Fedora's distro `rustc` rejects any std it didn't build, and Fedora ships no musl std),
provision the toolchain via its own version manager (`rustup` + `rustup target add …`)
so compiler and std always match.
---
## 6. Gotchas worth pre-empting
These cost a deploy round-trip each; encode them up front.
- **`rsync` won't create a missing destination directory** for a single-file copy. On
Fedora, `/etc/sysusers.d` and `/etc/firewalld/services` don't exist by default (only
the `/usr/lib` variants ship). Add `--mkpath` to file pushes so the root-side rsync
creates the parent.
- **firewalld only learns a freshly-shipped custom service after `--reload`.** Querying
or adding it to the runtime before reloading fails `INVALID_SERVICE`. Order:
rsync the XML → `firewall-cmd --reload``--query-service` → (if absent)
`--add-service --permanent``--reload`.
- **nginx `sites-enabled` holds only symlinks.** rsync vhost configs to
`sites-available/` and `ln -sfn` them into `sites-enabled/`. (The include is often
one level removed: `nginx.conf``conf.d/*.conf` → a `sites-enabled.conf` that does
`include …/sites-enabled/*.conf;`.) `nginx -t` before reload; a bad config left on
disk also breaks unrelated `systemctl reload nginx` calls (e.g. cert-renewal hooks).
- **glibc skew:** a binary built on a newer host won't run on an older target.

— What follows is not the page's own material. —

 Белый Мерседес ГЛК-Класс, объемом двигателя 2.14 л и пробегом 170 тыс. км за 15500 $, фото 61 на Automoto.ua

Build
static (musl) or build on a runner no newer than the oldest target.
- **`semanage port -a` on an already-labelled port** prints "already defined, modifying
instead" and reassigns; guard with `semanage port -l | grep` so re-runs are no-ops.
- **`Type=notify` units** must actually send `READY=1` (`sd_notify`) or `systemctl
restart` blocks until `TimeoutStartSec`. The daemon sends it after it finishes binding.
---
## 7. Relationship to generic.md
This model reuses §8 (service accounts, hardened units), §9 (named firewalld services),
§10 (SELinux), and §11 (PKI/cert paths) unchanged — it only swaps *how* the assets get
onto the host (CI + `gitea_ci` + scoped sudo, instead of `deploy.sh` + operator sudo).
The `asset/` layout from §6 is the same, minus `manifest.yml`. Per-service TLS for
mesh-only nginx vhosts is covered in `internal-tls.md`.